--- STUDY MATERIAL Enclosed Below ---
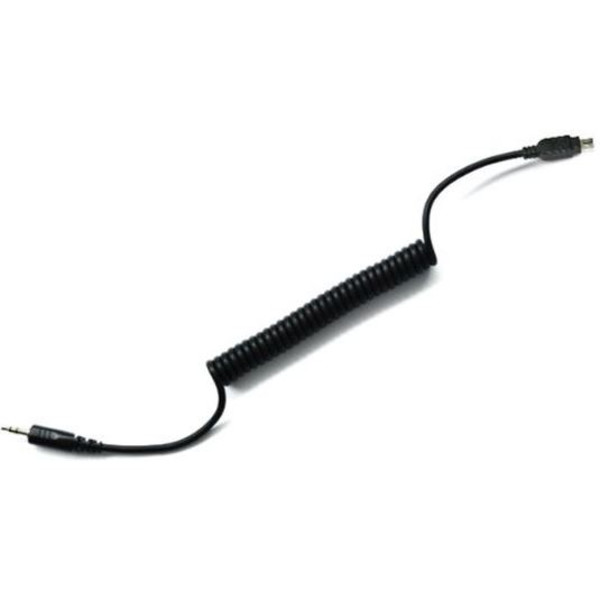 Pixel Câble de connexion Caméra DC1 pour Nikon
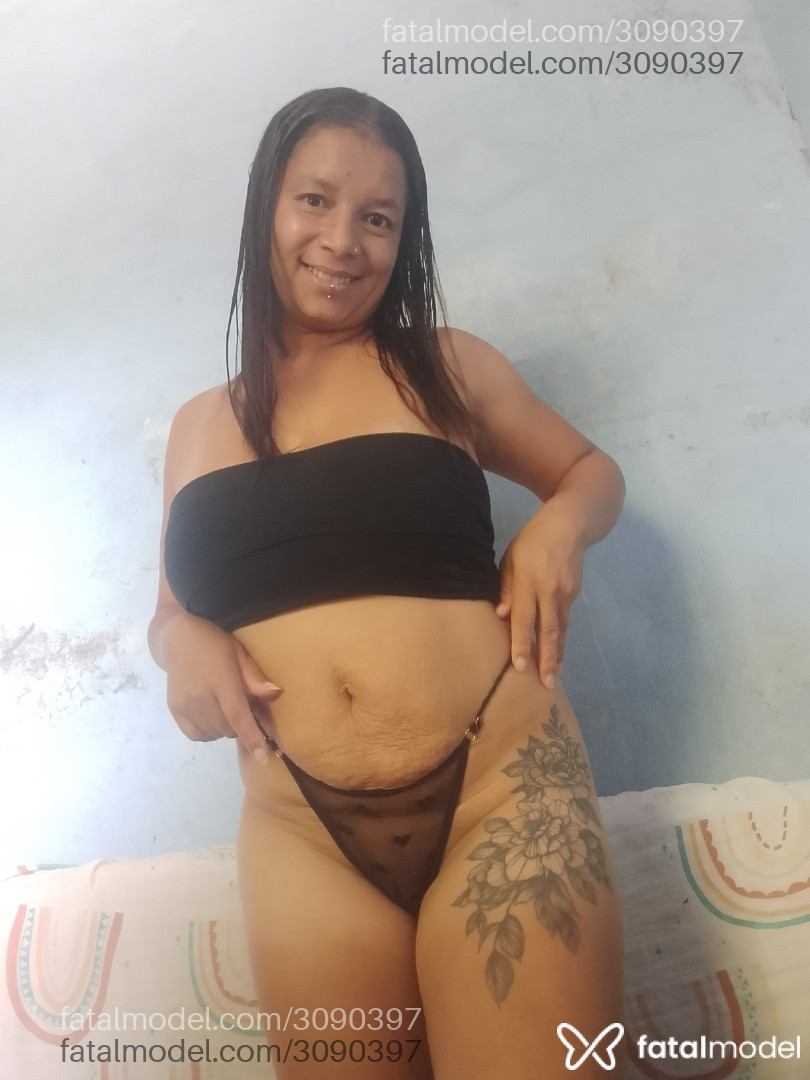 Acompanhante mulher morena (o) de olhos castanhos em São Miguel do Iguaçu Acompanhante mulher morena (o) de olhos castanhos em São Miguel do Iguaçu - Resangela Fernande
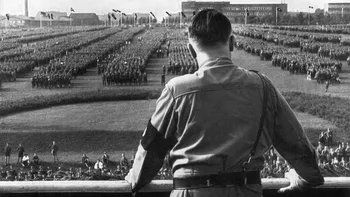 Ce înseamnă să fii ruda unui lider nazist, mărturiile cutremurătoare. Blestemele sângelui „pătat”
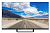 ЖК-телевизор Topdevice TDTV32BS04H_BK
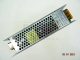 Zasilacz LED 12VDC 120W 10A siatkowy IP20 V-Tac VT-20122 3243-139126
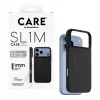 Etui CARE by PanzerGlass SL1M czarny z MagSafe dla iPhone 17 Pro Max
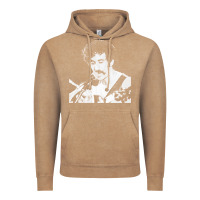 Vintage Coffee classic art jim croce legend rock Vintage Hoodie - tuanDangUi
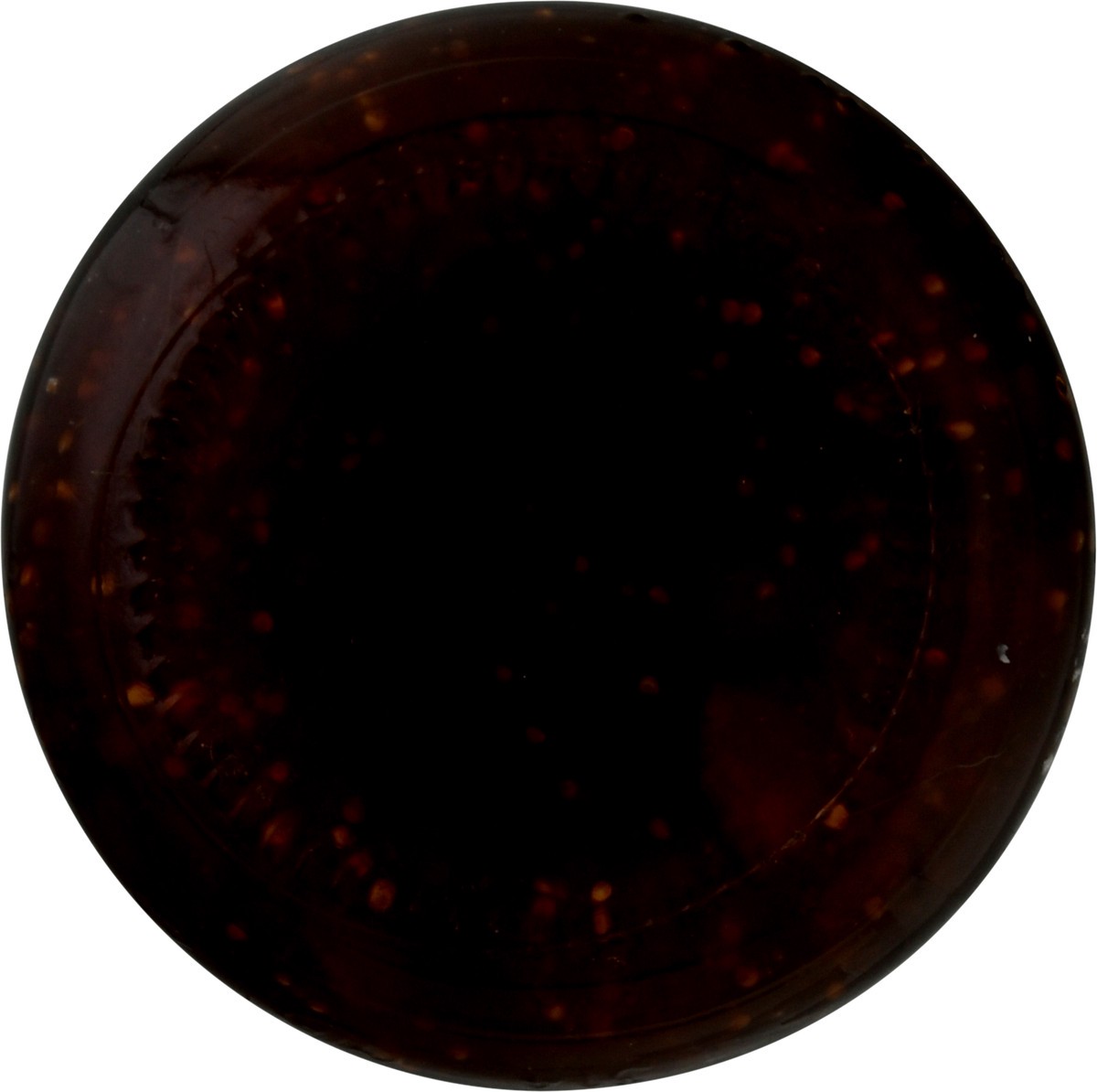 slide 5 of 9, Aunt Berta Fig Preserves 12.3 oz Jar, 12.3 oz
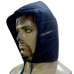 Medieval Cotton Padded Arming Cap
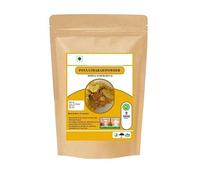 ponnatharam Hartal Warki Hartal Varki Hartal PILI Hair Removal 100 gm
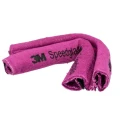 3M Clear Lens Sweatband for use with Speedglas 100, Speedglas SL, Speedglas 9000 167520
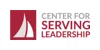 Center for Serving Leadership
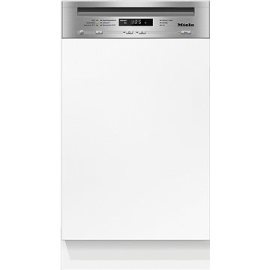 Miele G 4722 SCi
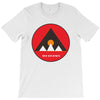 adventure legend T-Shirt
--- End of Enclosed STUDY MATERIAL ---
- **TO DO**:
In the answer, set down only the lines from the opening line of the listing through the line that holds "- Resangela Fernande", exactly as they appear, minus the pictures.

- **COMPLETED TASK**:
 Pixel Câble de connexion Caméra DC1 pour Nikon
 Acompanhante mulher morena (o) de olhos castanhos em São Miguel do Iguaçu Acompanhante mulher morena (o) de olhos castanhos em São Miguel do Iguaçu - Resangela Fernande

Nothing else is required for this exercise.